Вдруг в его глазах мелькнуло понимание.
– А какой сейчас год, по-вашему?
– Ясно, какой, – ответил Враг. – 2021-й, 2 июня. Лето, птицы поют.
– Да, птицы! Одна синяя, другая зелёная, третью не помню…
– Так вот в чём дело! – уверенно заключил человек в плаще. – Теперь всё понятно.
– Что? Что понятно?
– Ваше странное поведение. Потому что сейчас совсем не 2021-й год. Какой, точно не скажу – в последние годы я потерял счёт времени – но уж точно не тот, что вы назвали. Позже, намного позже.
– Так мы, получается… в будущем?
– Выходит, что так.
– Но этого не может быть! – возвысил голос Профессор. – Это какой-то фокус! Сказка! Причём плохая. Я уверен – если мы снова откроем ту дверь…
– То попадёте вон на тот склон – его отсюда видно. И проживёте после этого недели две. Если это, конечно, можно назвать жизнью.
Все молчали. Слова не находились, мысли путались. Первой пришла в себя Настя.
– Значит, ЭТО всё же случилось… – пробормотала. – То самое… И вы здесь укрылись. Значит, это что – убежище?
Человек в плаще кивнул.
– Да, вы находитесь в Главном Убежище, сокращенно ГЛУБь. Здесь в минуту тяжёлых испытаний…
– Стойте! Прекратите! – воскликнул Юрий Алексеевич. – Сначала нужно понять, что с нами случилось. Как мы здесь оказались? Почему? Нам не сказки нужны про какую-то ГЛУБь, а рациональное, разумное объяснение. Вы можете дать такое объяснение?
Незнакомец покачал головой.
– Какое же тут может быть разумное объяснение? Мы все – и вы, и мы здесь – живём в мире, который в целом разумному объяснению не поддаётся. Части поддаются, а целое – нет. И со временем то же самое: случившееся за месяц можно как-то истолковать, год уже с трудом, а перед столетием разум пасует, заменяя выводы легендами. Вы, как я понял, учёный?
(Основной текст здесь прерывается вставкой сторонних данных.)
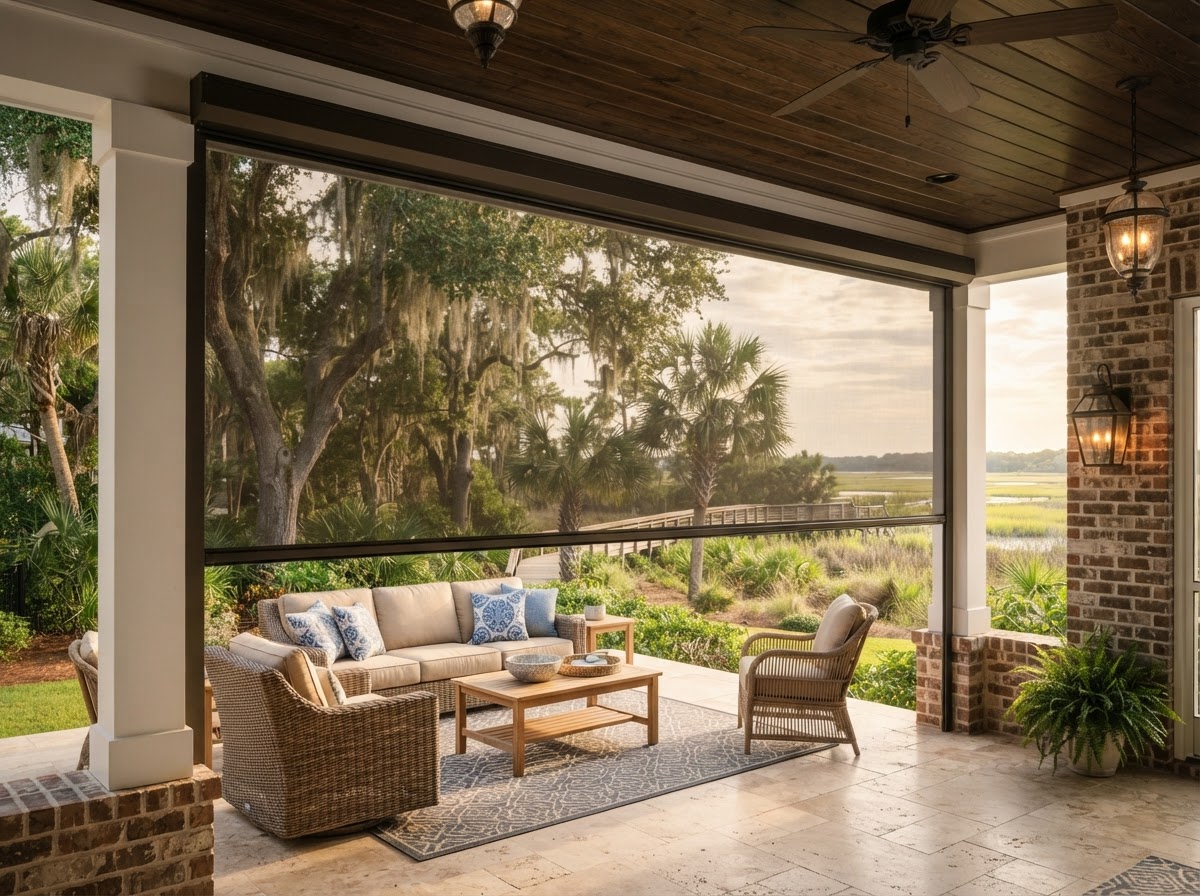 Motorized retractable screen lowered across a covered patio opening with sheer solar fabric filtering light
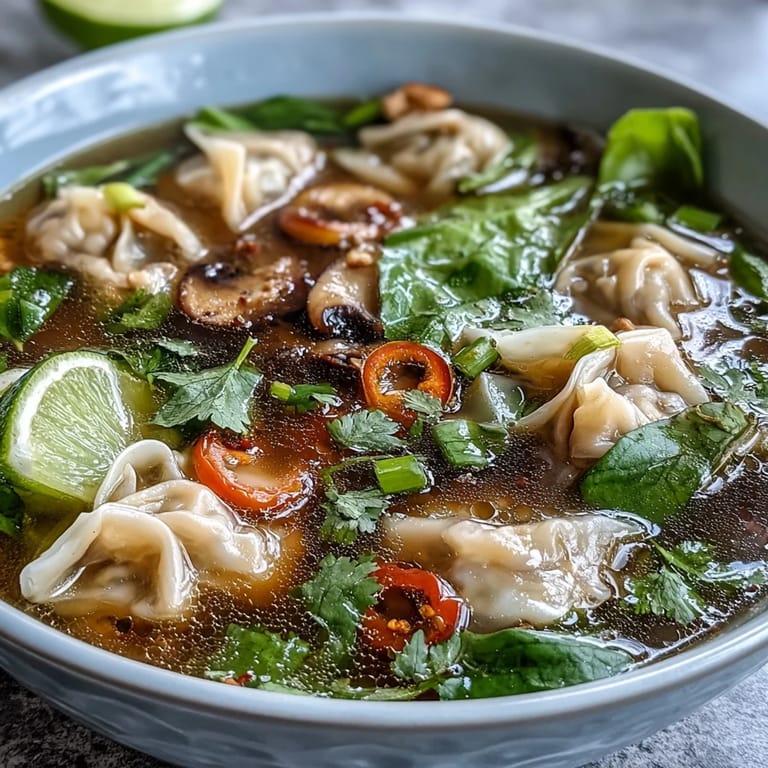 Spicy Tom Yum Wonton Soup served with lime wedges and fresh cilantro garnish on a rustic wooden table, ready to eat.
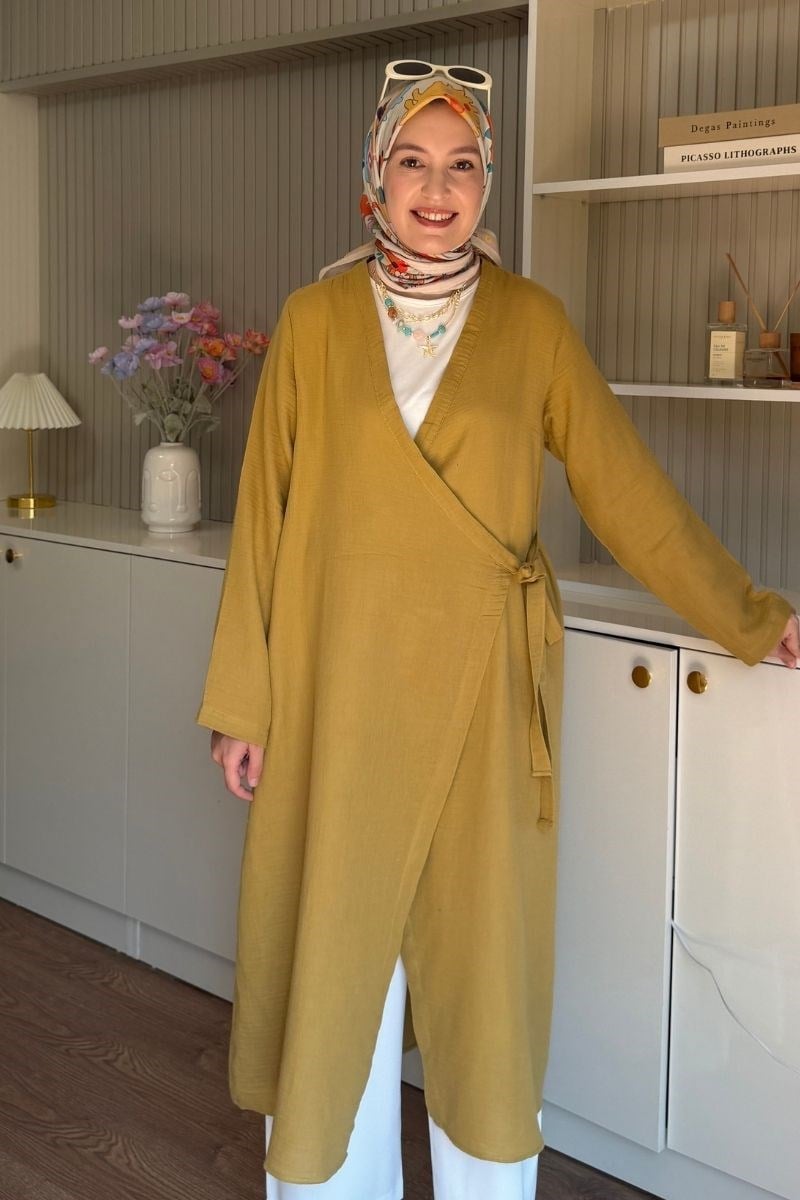 Yandan Bağlamalı Müslin Kimono Tunik Hardal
– Ну, какой я учёный… Так, препод…
– Так вот, как учёный препод – боевая тревога! оружие к бою! – вы должны понимать (если вы честны в своих когнитивных усилиях), что мир в целом непостижим. Можно сказать, что он безумен. Но мы, стремясь сохранить душевное здоровье – подготовиться к отражению атаки! рассредоточиться! – закрываем на это глаза. Скажите: тот мир, в котором вы плыли на плоту и слушали птиц, был разумно устроен? Он поддавался рациональному объяснению?
Профессор глядел во все глаза.
– Однако вы так заговорили… – произнёс. – Совсем другим языком заговорили… Хотя иногда…
– Так это не мой язык, – объяснил человек в плаще. – Это программа, которую в меня Вергилиус с Косолаповым вложили. Мой родной язык – это «Проводим боевое развёртывание! Правей заходи, **** грёбаная, ***** тя в очко!» Но вы не ответили на мой вопрос. Ваш прежний мир – он был здоров?
Юрий Алексеевич медленно покачал головой.
– Вот видите! Почему же вы требуете, что я дал разумное объяснение? Карты так легли, Эринии подстроили, в Книге Судеб было записано, чтобы вы сюда попали. И хорошо, что попали – теперь я смогу выполнить своё задание и всё рассказать. Только я, я один могу провести вас по всем уровням, всё показать, объяснить. Разве вы не хотите знать правду? Разве вам не интересно?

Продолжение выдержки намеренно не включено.